*Exercise brief*: The records that follow are to be transcribed in full, without their images.

***** Supplied information *****

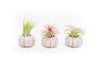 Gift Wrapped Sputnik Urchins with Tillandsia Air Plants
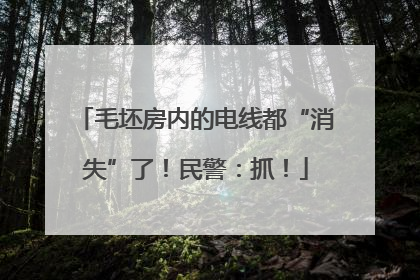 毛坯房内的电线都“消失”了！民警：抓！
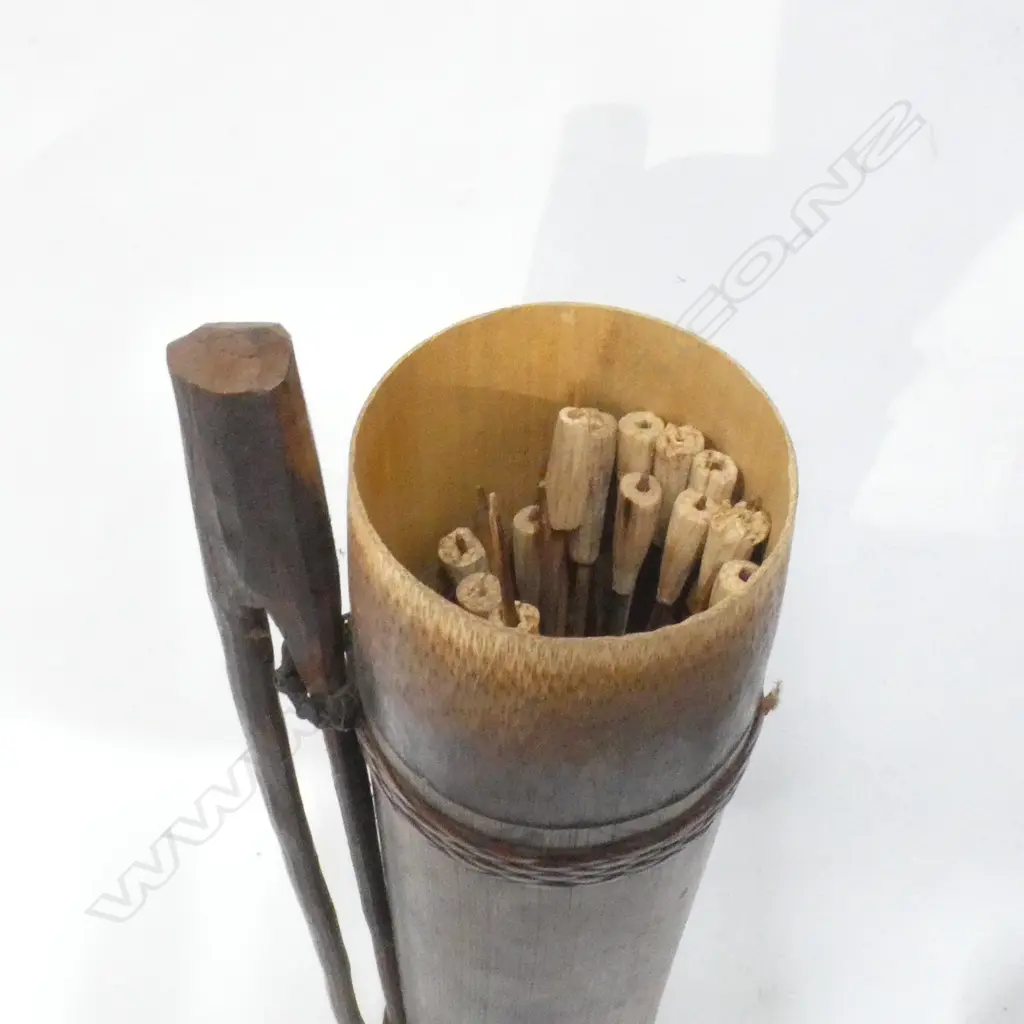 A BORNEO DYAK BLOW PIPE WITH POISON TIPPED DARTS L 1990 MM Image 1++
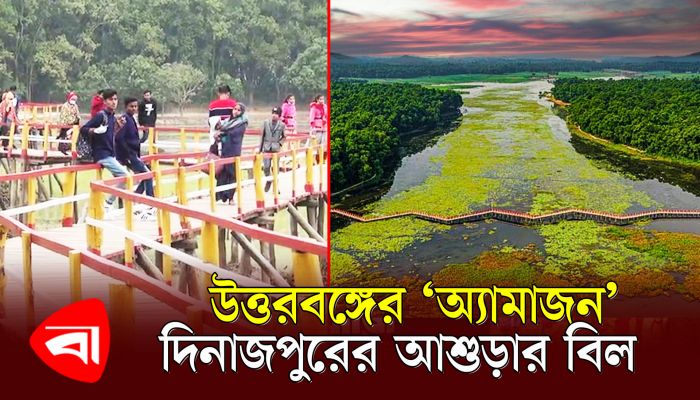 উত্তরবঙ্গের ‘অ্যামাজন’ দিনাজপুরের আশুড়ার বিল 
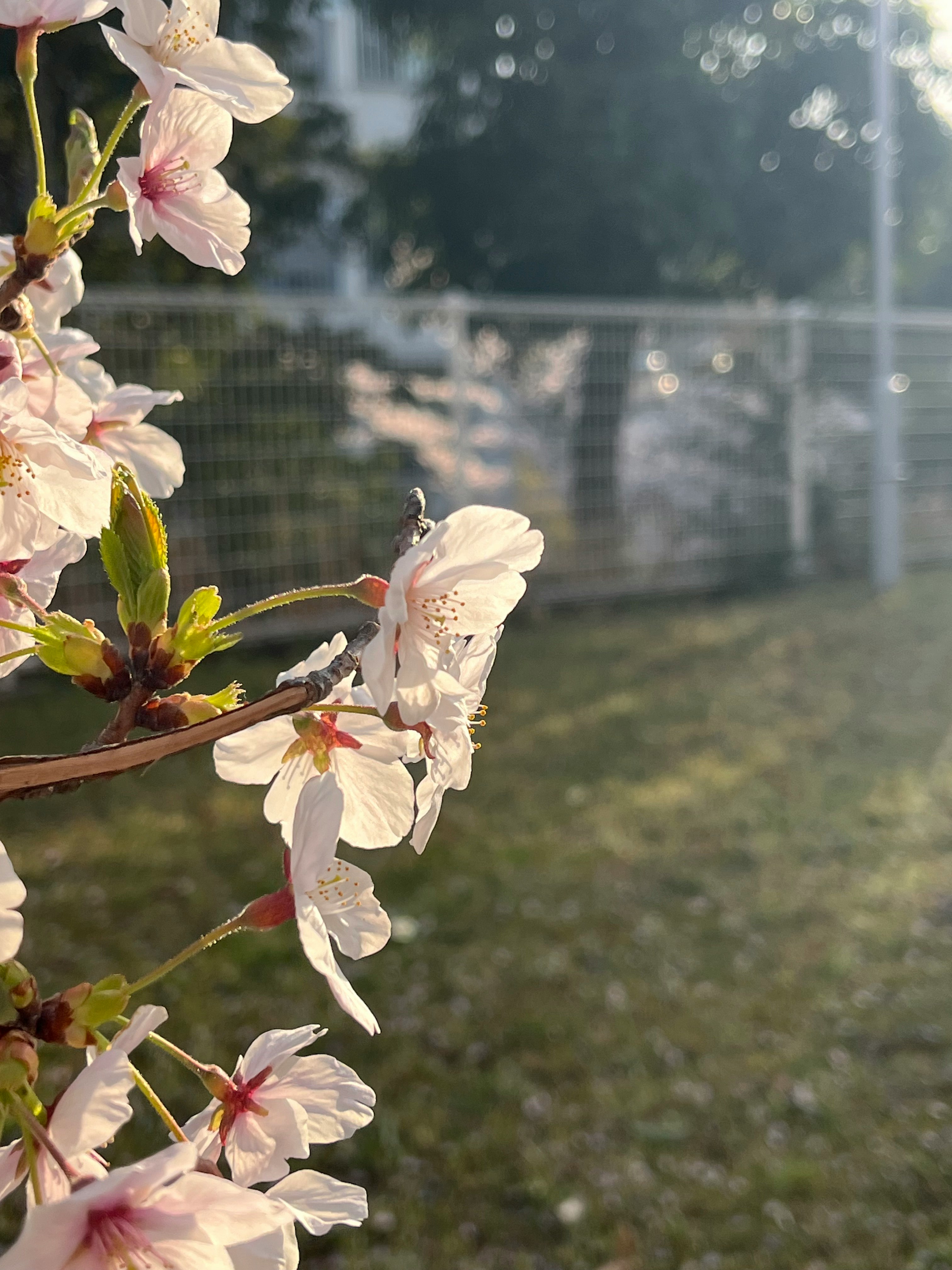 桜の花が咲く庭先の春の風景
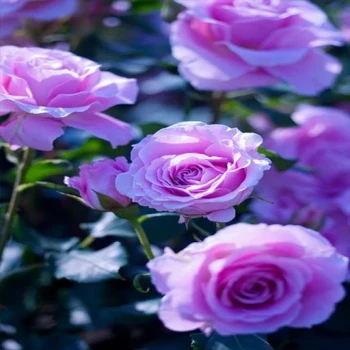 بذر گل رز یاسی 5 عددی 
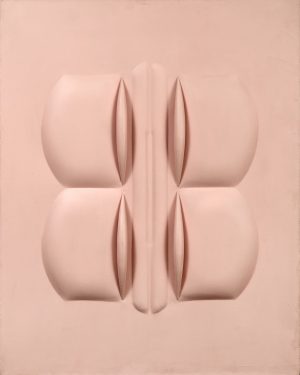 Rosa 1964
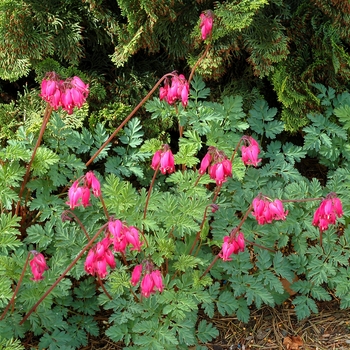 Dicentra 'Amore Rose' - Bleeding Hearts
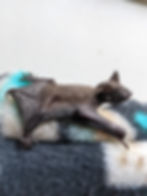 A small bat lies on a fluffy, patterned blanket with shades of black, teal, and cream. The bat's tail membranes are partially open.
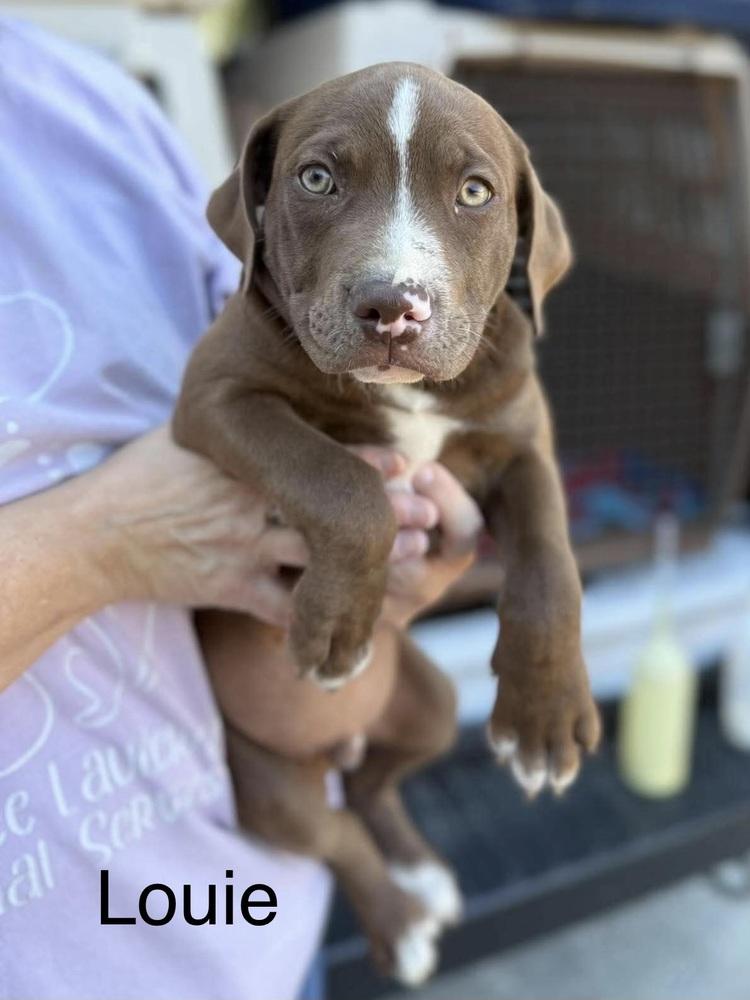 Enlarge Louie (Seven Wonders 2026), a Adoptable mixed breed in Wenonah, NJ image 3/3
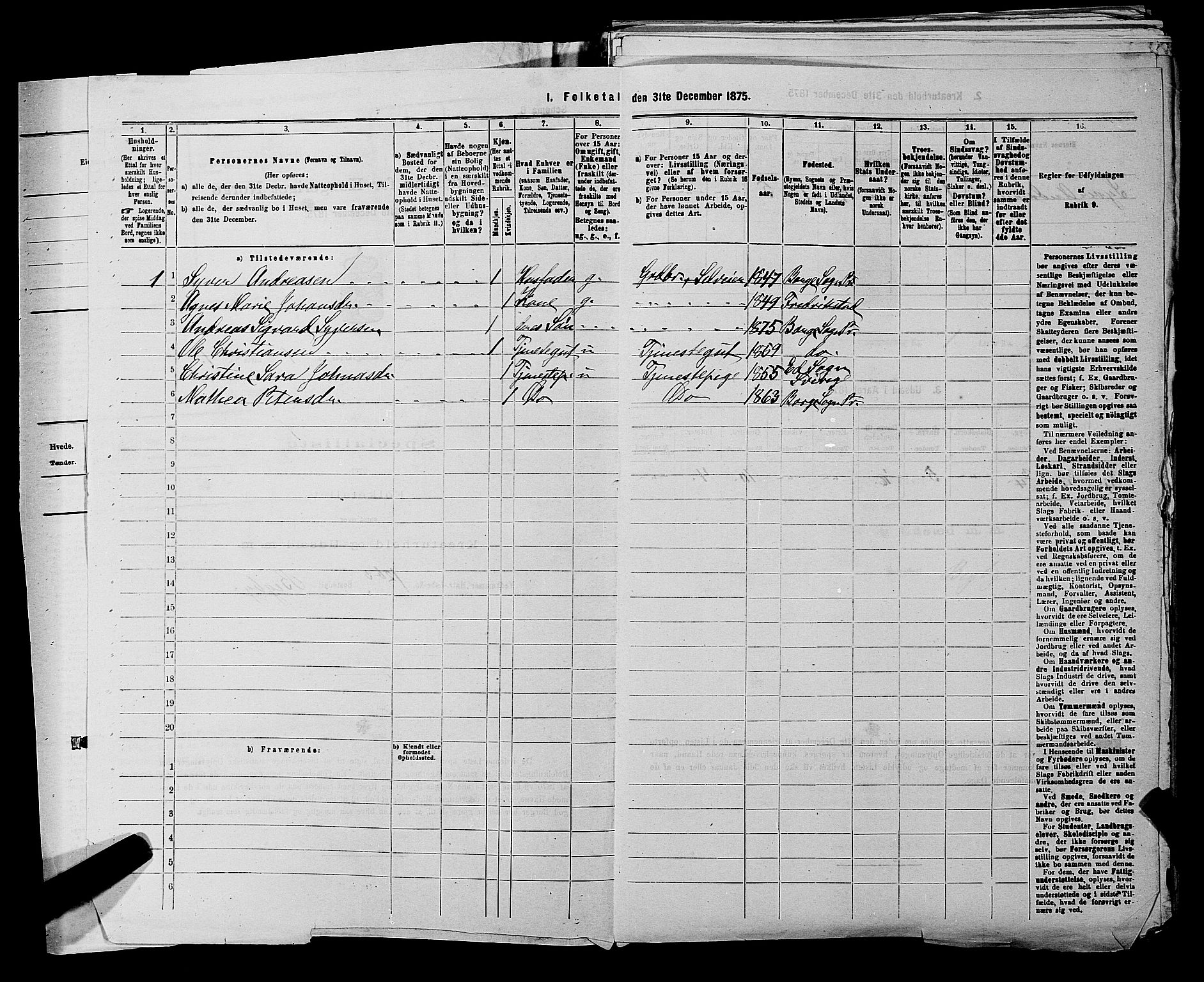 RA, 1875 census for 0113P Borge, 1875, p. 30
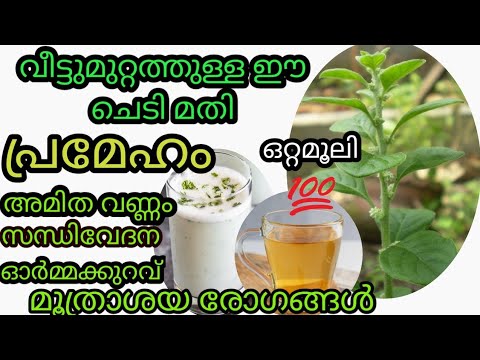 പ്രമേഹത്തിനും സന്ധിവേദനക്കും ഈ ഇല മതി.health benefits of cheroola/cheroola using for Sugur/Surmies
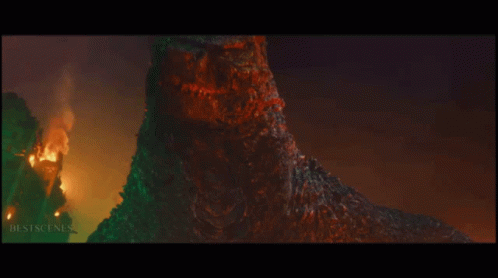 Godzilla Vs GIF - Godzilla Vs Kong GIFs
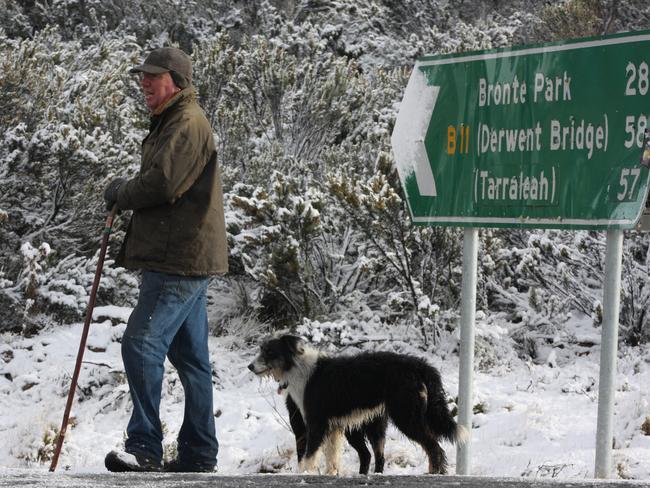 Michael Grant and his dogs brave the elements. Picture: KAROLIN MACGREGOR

*****

*Final answer*:
 Gift Wrapped Sputnik Urchins with Tillandsia Air Plants
 毛坯房内的电线都“消失”了！民警：抓！
 A BORNEO DYAK BLOW PIPE WITH POISON TIPPED DARTS L 1990 MM Image 1++
 উত্তরবঙ্গের ‘অ্যামাজন’ দিনাজপুরের আশুড়ার বিল 
 桜の花が咲く庭先の春の風景
 بذر گل رز یاسی 5 عددی 
 Rosa 1964
 Dicentra 'Amore Rose' - Bleeding Hearts
 A small bat lies on a fluffy, patterned blanket with shades of black, teal, and cream. The bat's tail membranes are partially open.
 Enlarge Louie (Seven Wonders 2026), a Adoptable mixed breed in Wenonah, NJ image 3/3
 RA, 1875 census for 0113P Borge, 1875, p. 30
 പ്രമേഹത്തിനും സന്ധിവേദനക്കും ഈ ഇല മതി.health benefits of cheroola/cheroola using for Sugur/Surmies
 Godzilla Vs GIF - Godzilla Vs Kong GIFs
 Michael Grant and his dogs brave the elements. Picture: KAROLIN MACGREGOR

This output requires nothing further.